The entries that follow need to be reproduced exactly, minus any images.

Top of Given records

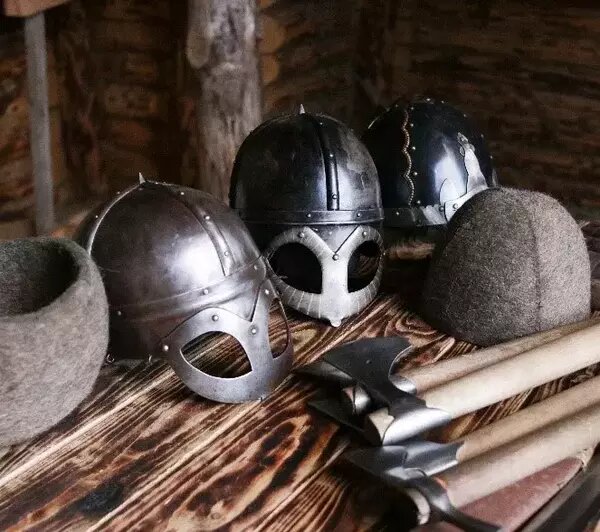 Провести день с викингами: поселение Кауп приглашает на средневековый праздник для всей семьи - Новости Калининграда | Фото предоставлены организаторами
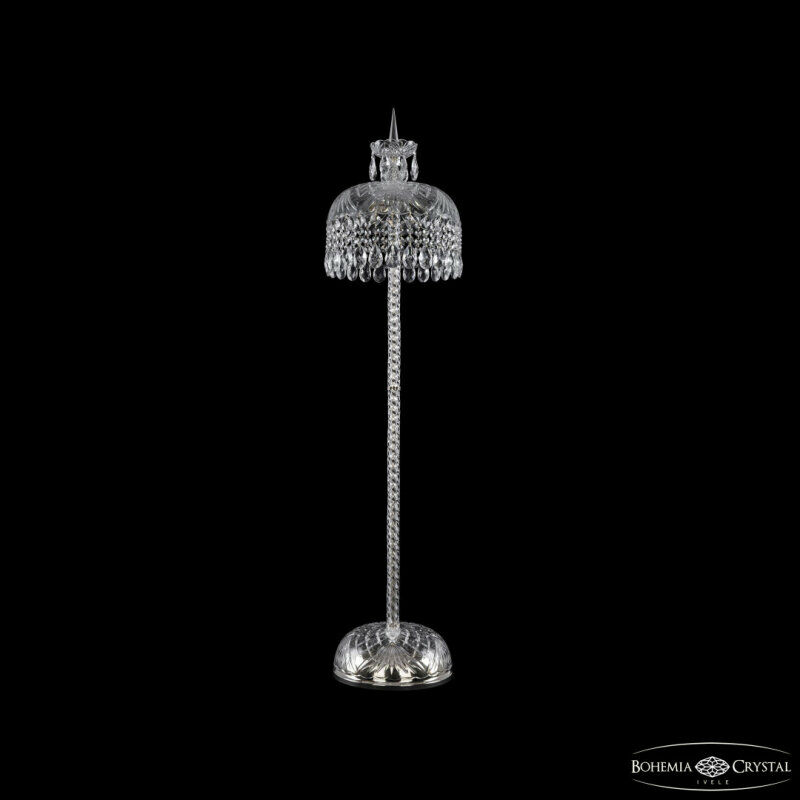 Торшер Bohemia Ivele Crystal 1478 14781T4/35-145 G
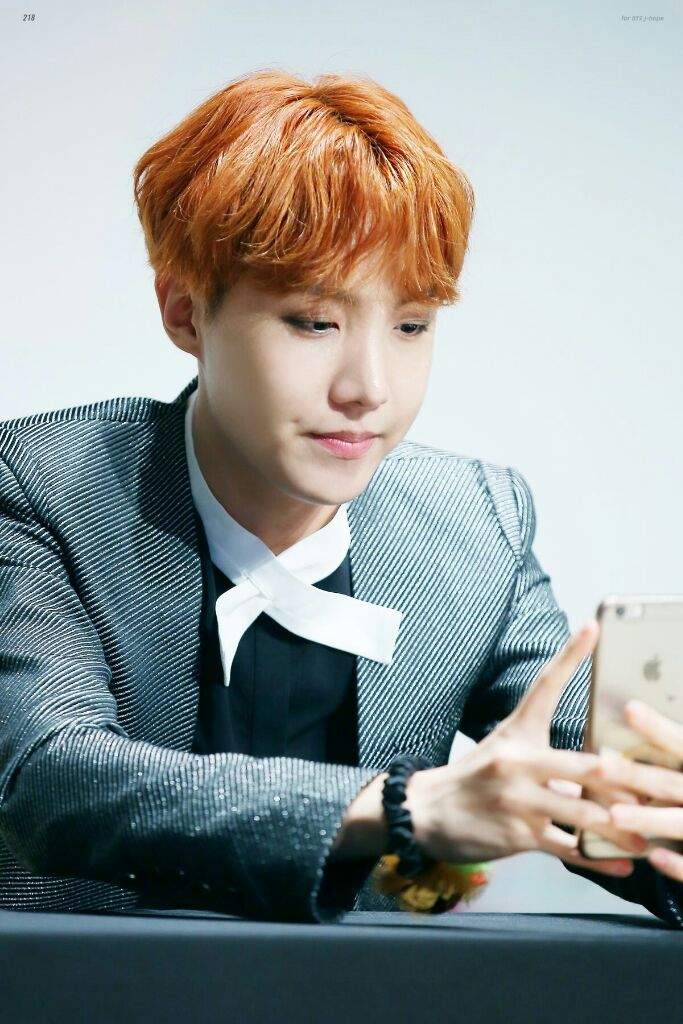 JHOPE | Wiki | ARMY's Amino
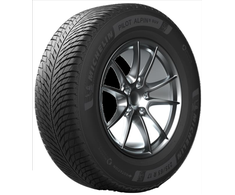 Michelin 275/45R22 Pultas ALPIN 5 SUV 112V XL FR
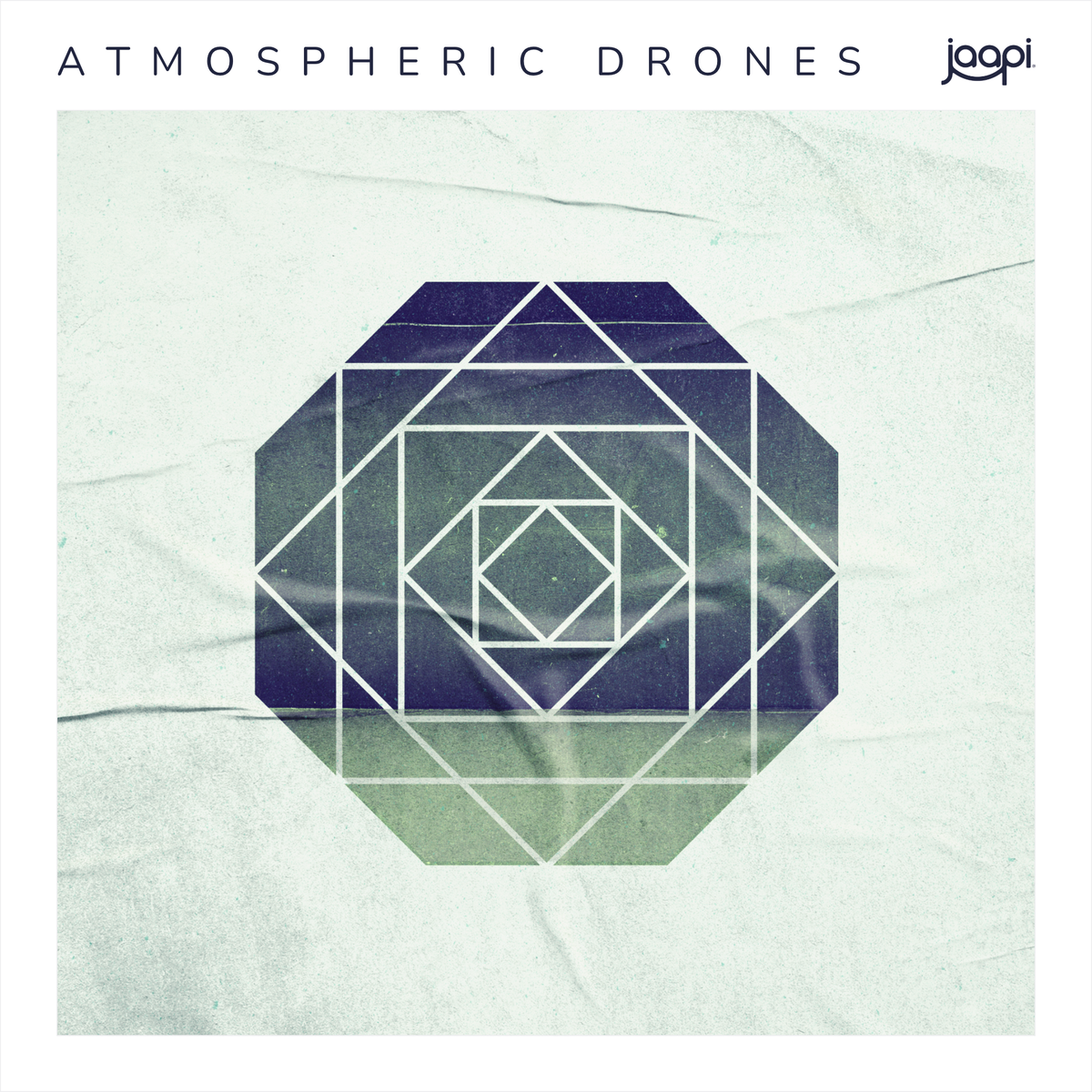 Portada para descarga libre de regalías «Boundless 528Hz» de Jaapi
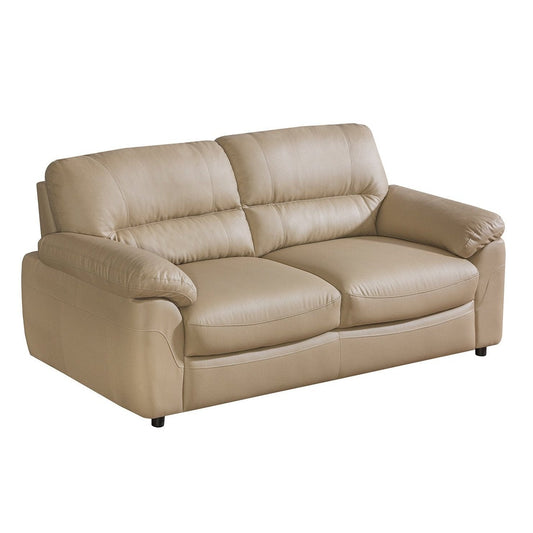 Maxima House - Sofa BALTICA Eco-leather - Dolm001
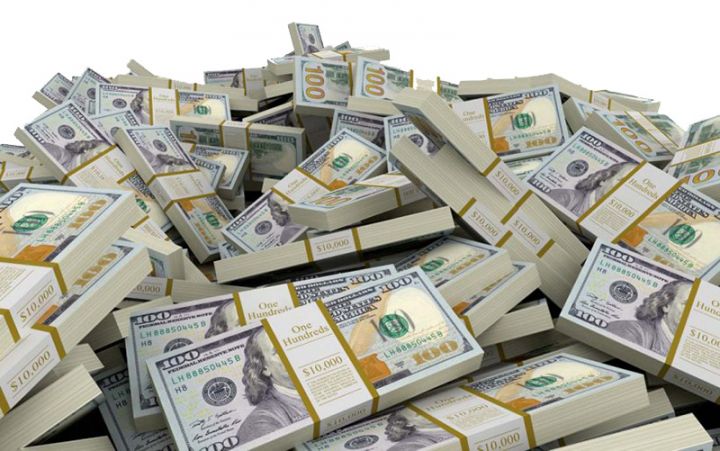 Ötən il Azərbaycandan  kapital çıxışı 2 dəfədən çox artıb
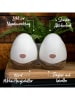 tommee tippee Dubbele elektrische melkpomp "Made for Me" wit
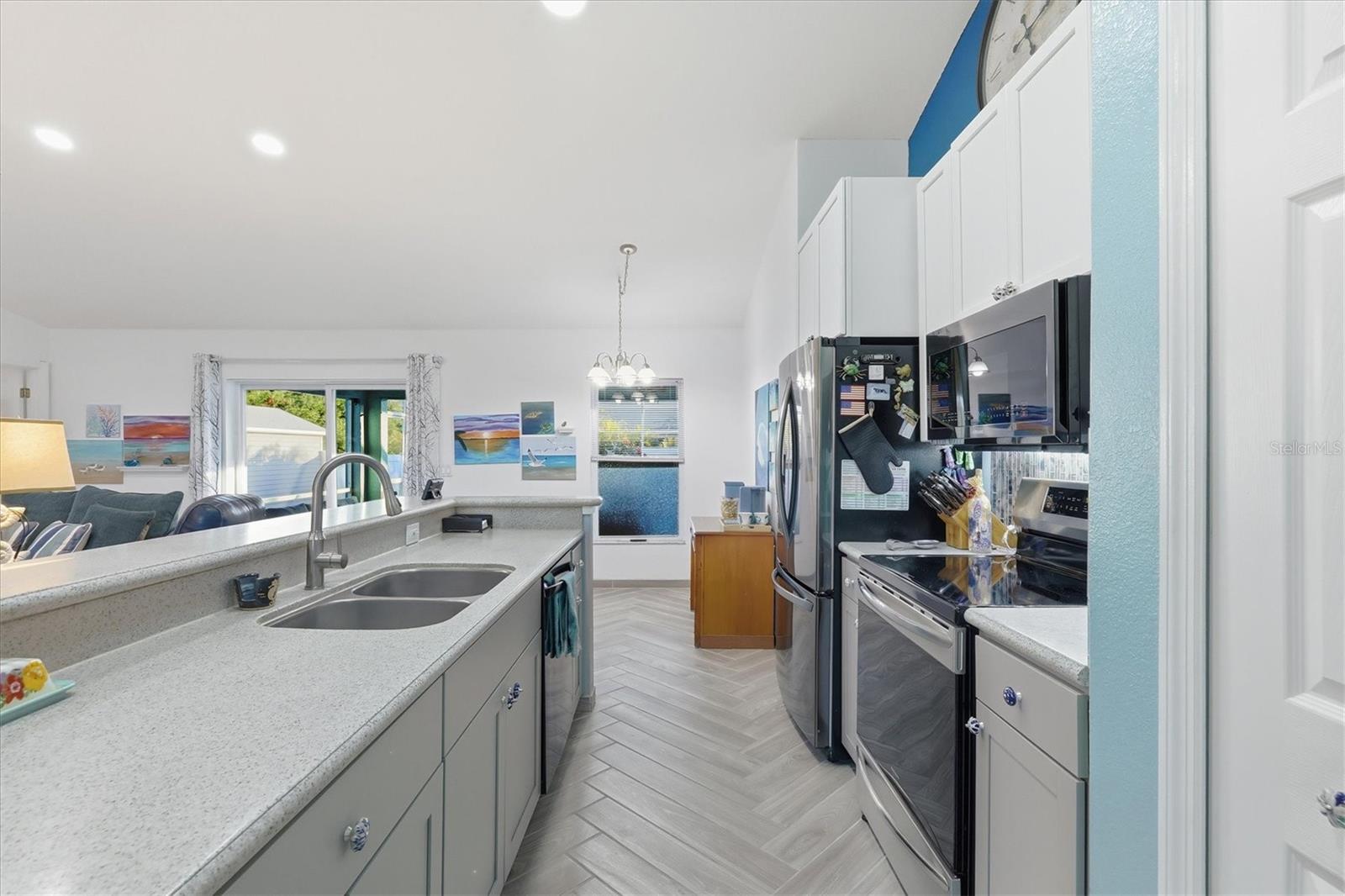 PORT CHARLOTTE SEC 072 - Residential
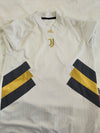 Juventus FC Icon Third Football Shirt 2022-2023 (S)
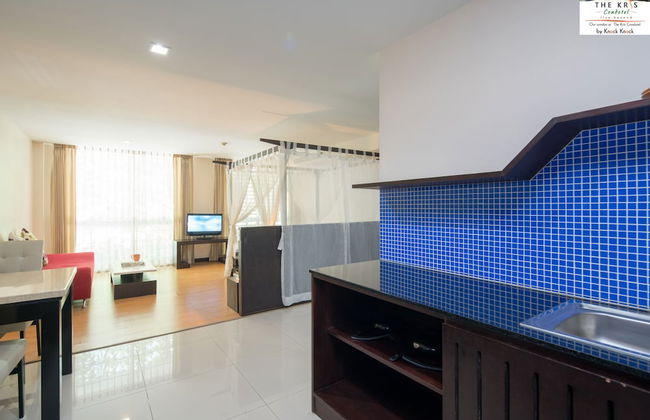 The Kris Condo by Knock-Knock - Foto 23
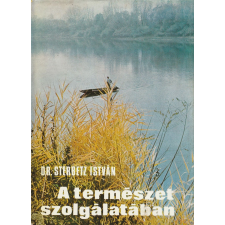 Natura A természet szolgálatában antikvárium - használt könyv
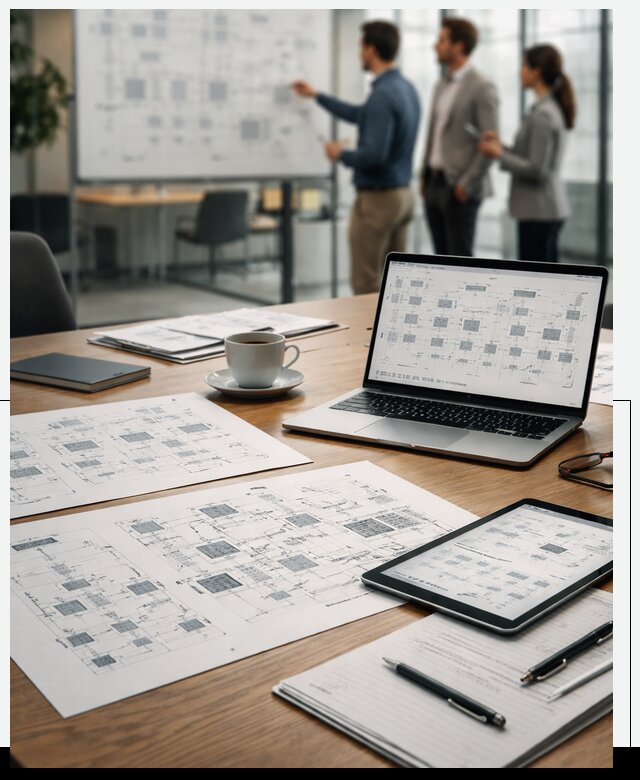 Разработка Core Banking, замена АБС в Валуйках | АвикейВли от 15968 р.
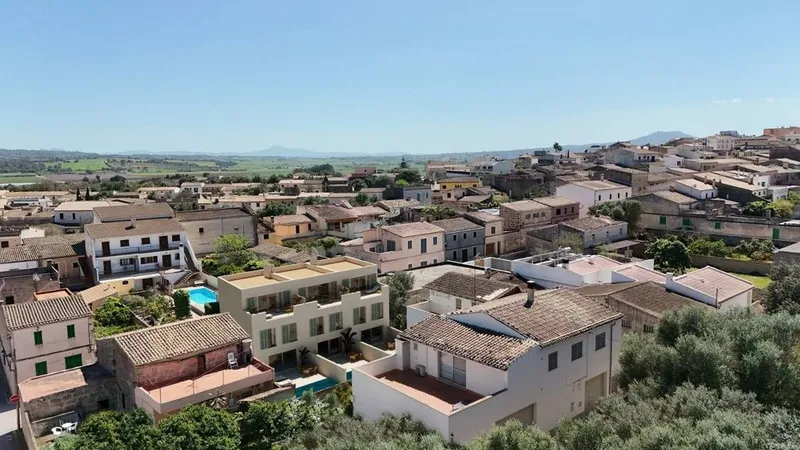 Semidetached House in Ariany, Province of Balearic Islands — photo 7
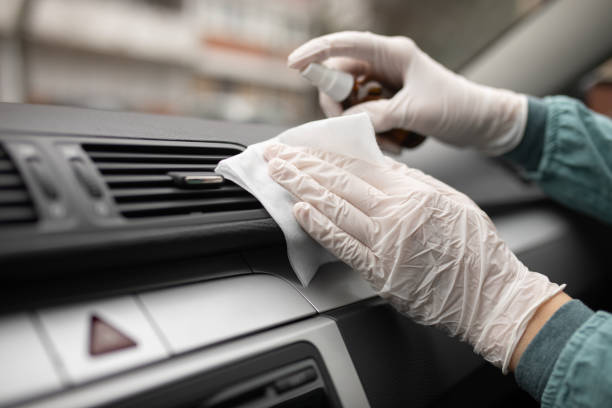 Best Home Air Vent Cleaning  in Deerwood, TX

Bottom of Given records

Written reply:
 Провести день с викингами: поселение Кауп приглашает на средневековый праздник для всей семьи - Новости Калининграда | Фото предоставлены организаторами
 Торшер Bohemia Ivele Crystal 1478 14781T4/35-145 G
 JHOPE | Wiki | ARMY's Amino
 Michelin 275/45R22 Pultas ALPIN 5 SUV 112V XL FR
 Portada para descarga libre de regalías «Boundless 528Hz» de Jaapi
 Maxima House - Sofa BALTICA Eco-leather - Dolm001
 Ötən il Azərbaycandan  kapital çıxışı 2 dəfədən çox artıb
 tommee tippee Dubbele elektrische melkpomp "Made for Me" wit
 PORT CHARLOTTE SEC 072 - Residential
 Juventus FC Icon Third Football Shirt 2022-2023 (S)
 The Kris Condo by Knock-Knock - Foto 23
 Natura A természet szolgálatában antikvárium - használt könyv
 Разработка Core Banking, замена АБС в Валуйках | АвикейВли от 15968 р.
 Semidetached House in Ariany, Province of Balearic Islands — photo 7
 Best Home Air Vent Cleaning  in Deerwood, TX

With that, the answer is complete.